O ponto central do direito do trabalho está umbilicalmente ligado a ideia de liberdade. Trabalhadores em situação precária de saúde, moradia, alimentação, educação etc, enfim, sem um mínimo existencial não são verdadeiramente livres. A real liberdade pressupõe um mínimo de condições que possibilite viver de forma digna e, oferecer tais condições é o escopo do direito do trabalho.
O Direito do Trabalho é uma forma de distribuir renda e inserir o ser humano despossuído na sociedade capitalista. Sua razão de ser é justamente frear a exploração do ser humano sobre o ser humano. Desta forma, defendo que direitos fundamentais não podem ser flexibilizados sob pena de não se alcançar o ideal de trabalho decente e a redução da pobreza, que é a maior das enfermidades.
Como a senhora avalia a atuação do Conselho Nacional de Justiça, principalmente no que tange ao afastamento de juízes? Existe mesmo um conflito de competência em relação às Corregedorias Estaduais?
O afastamento do magistrado é uma medida extrema. Diante da violação do dever funcional devidamente apurado, observado o contraditório e a ampla defesa, a bem do serviço público, entendo justificável.

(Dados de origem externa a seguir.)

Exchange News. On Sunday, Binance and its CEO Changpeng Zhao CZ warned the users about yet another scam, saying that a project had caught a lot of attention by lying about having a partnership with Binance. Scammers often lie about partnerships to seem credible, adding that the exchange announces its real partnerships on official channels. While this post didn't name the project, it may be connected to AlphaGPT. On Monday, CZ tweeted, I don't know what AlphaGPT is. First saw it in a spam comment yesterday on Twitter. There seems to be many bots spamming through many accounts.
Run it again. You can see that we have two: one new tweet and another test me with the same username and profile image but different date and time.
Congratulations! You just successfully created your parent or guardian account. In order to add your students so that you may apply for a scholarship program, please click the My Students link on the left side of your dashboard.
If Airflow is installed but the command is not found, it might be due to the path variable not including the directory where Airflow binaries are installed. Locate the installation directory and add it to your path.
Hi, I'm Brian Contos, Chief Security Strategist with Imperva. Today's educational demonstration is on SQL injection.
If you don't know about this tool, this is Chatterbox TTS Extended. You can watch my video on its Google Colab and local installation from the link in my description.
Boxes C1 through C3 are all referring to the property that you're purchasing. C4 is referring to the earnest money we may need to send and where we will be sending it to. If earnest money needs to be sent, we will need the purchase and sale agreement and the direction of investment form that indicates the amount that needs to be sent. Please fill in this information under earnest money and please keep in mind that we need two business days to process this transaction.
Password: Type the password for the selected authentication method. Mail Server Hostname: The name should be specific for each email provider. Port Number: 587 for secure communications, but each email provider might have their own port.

No meu entendimento, não há conflito. A atuação eficaz da Corregedoria Estadual prescinde a manifestação do Conselho Nacional de Justiça. Diante da omissão ou ineficiência da Corregedoria Estadual cabe ao Conselho apurar as irregularidades.
A senhora entende que as súmulas vinculantes, de certa forma, ferem a independência de julgamento do magistrado, já que ele pode evitar proferir uma sentença que não produzirá efeitos?

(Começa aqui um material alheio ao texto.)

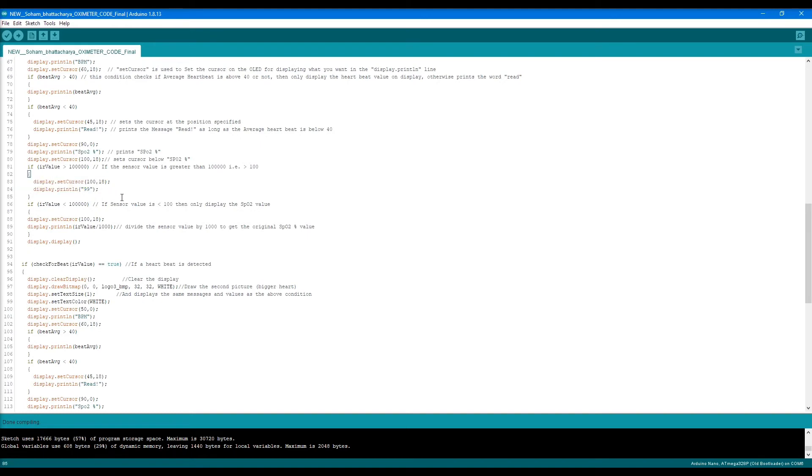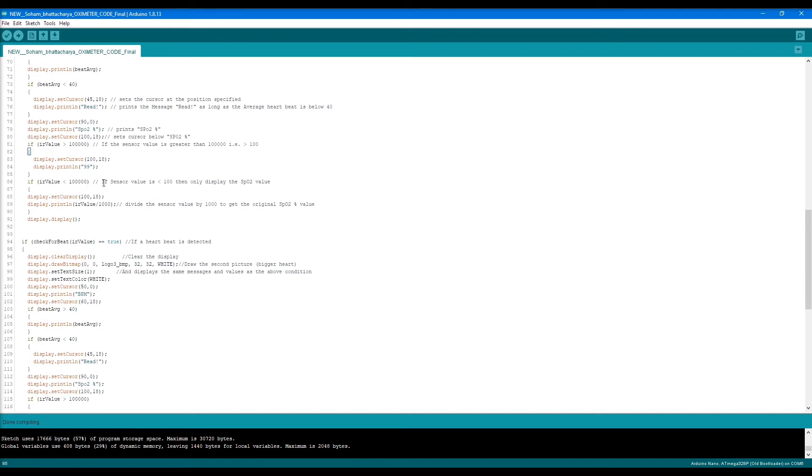Why I've done this is because the SpO2 values go beyond 100, which is not realistic. So I've generalized that if it's greater than 100, it's 99. You can change this or omit it to get the real value.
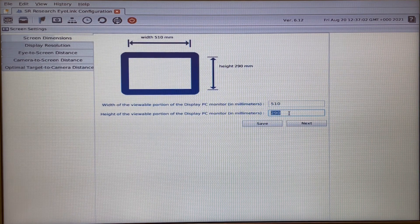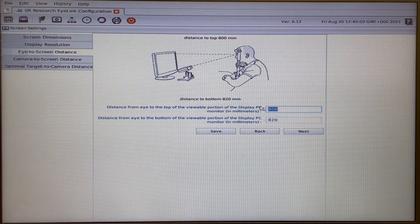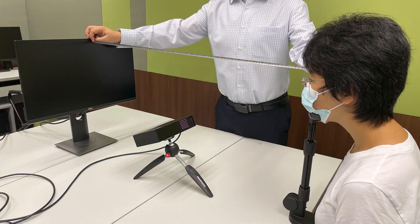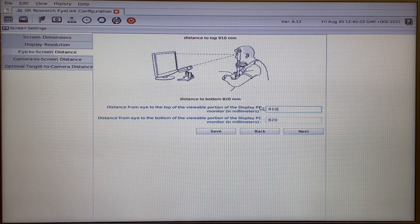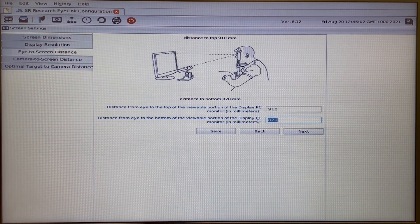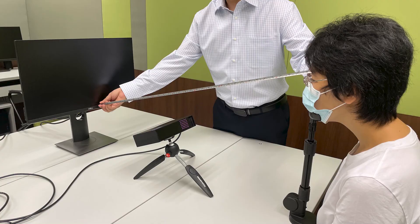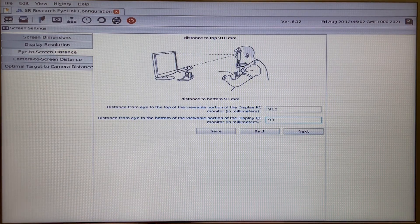Go to Eye to Screen Distance. Here's the distance from the eye to the top edge, which is 91 centimeters. And the distance from the eye to the bottom edge, which is 93 centimeters. Save the settings.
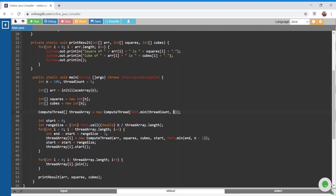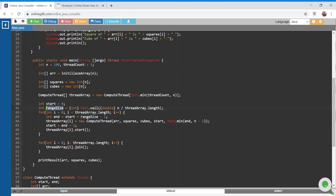I'm running a loop from 0 to the thread array length, initializing each index with a ComputeThread, passing the array, squares array, cubes array, and the start and end index. To calculate start and end indices, I start from 0 and compute the range size. Let me walk through an example to better understand how start and end are assigned for each thread.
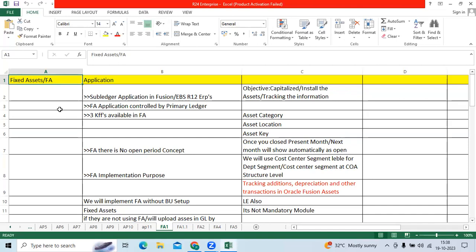Today's topic is Fixed Assets Application. Fixed Assets Application is one of the subledger applications in Fusion EBS R12 ERPs.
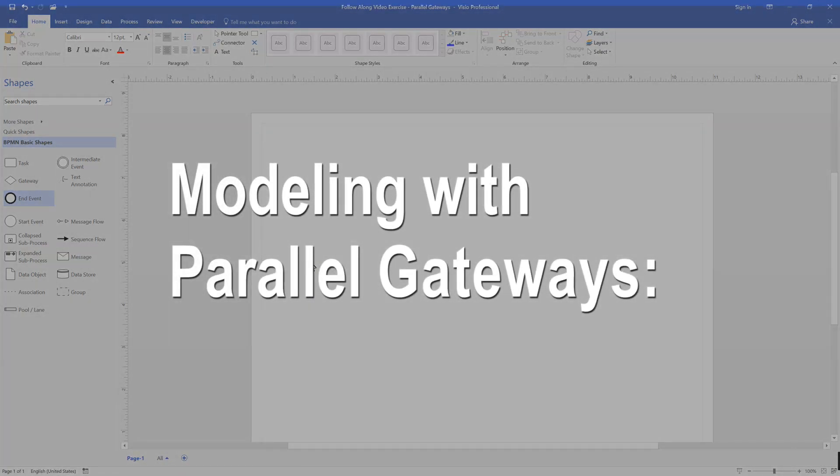Hello and welcome back. Let's expand our understanding of gateways by examining how to model with the parallel gateway.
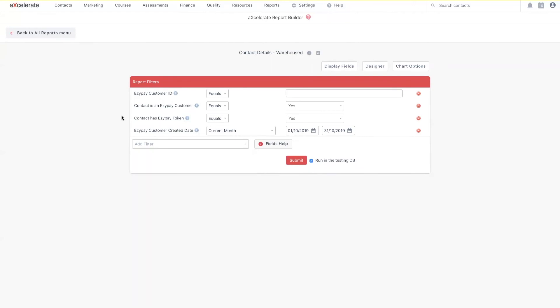That about sums it up for this video covering general EasyPay usage. This video included the addition of payment details against a subscription, the viewing or editing of payment history and future payments, as well as looking at some of the reporting functionality associated with the EasyPay integration. As always, thanks for watching.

Entendo que não. O STF só edita súmulas vinculantes após reiteradas decisões sobre a matéria.
A boa política judiciária recomenda que seja observada a jurisprudência dos tribunais superiores independente de haver ou não súmula a respeito, a fim de propiciar maior segurança jurídica aos jurisdicionados. Interessante salientar que as súmulas vinculantes têm similitude com os precedentes norte-americanos.

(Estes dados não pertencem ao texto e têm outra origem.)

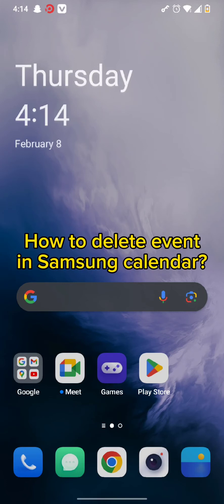Hello and welcome back to our channel. So today in this video, we will be talking about how you can delete an event in Samsung Calendar. So without wasting much of our time, let's get straight into the video.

Penso que o magistrado independente é aquele que decide com fundamento nas normas, e não conforme suas convicções pessoais. O juiz exerce uma função social e deve se conscientizar dessa responsabilidade. A disparidade de julgamentos sobre a mesma matéria gera descrédito no Poder Judiciário fomentando o conflito social, o que não se coaduna com o objetivo do Direito.
“A disparidade de julgamentos sobre a mesma matéria gera descrédito no Poder Judiciário”
Os juízes de primeiro grau costumam ter um contato mais direto com as partes, em razão das audiências. No segundo grau, isso quase desaparece por completo. Esse afastamento beneficia ou prejudica o convencimento do magistrado ao decidir uma causa?
Defendo que esse afastamento das partes não interfere no convencimento dos juízes de 2º grau face a diversidade de competências entre as instâncias. Em apertada síntese, pode-se dizer que compete ao juiz de primeira instância julgar a lide, enquanto ao de segunda, revisar os julgados desse.
Sendo assim, penso que se deve privilegiar a valoração probatória do juiz de primeiro grau quando sua convicção estiver embasada em prova oral, já que a proximidade do magistrado com a prova possibilita uma maior percepção da realidade. Quanto à matéria documentada ou de direito a ausência de imediação não interfere na valoração do conjunto probatório.
A sua posse como juíza de segundo grau marca o início de uma atuação colegiada. Quais as suas expectativas em relação a essa nova fase na sua carreira?
Já estive convocada por um longo período e foi muito enriquecedor, inclusive para minha atuação no 1º grau. O trabalho no colegiado proporciona debates e troca de experiências com os colegas, o que reflete positivamente nos julgados.
Pretendo continuar desenvolvendo o trabalho com a mesma dedicação que sempre atuei no primeiro grau. É um privilégio participar da formação da jurisprudência trabalhista do Estado.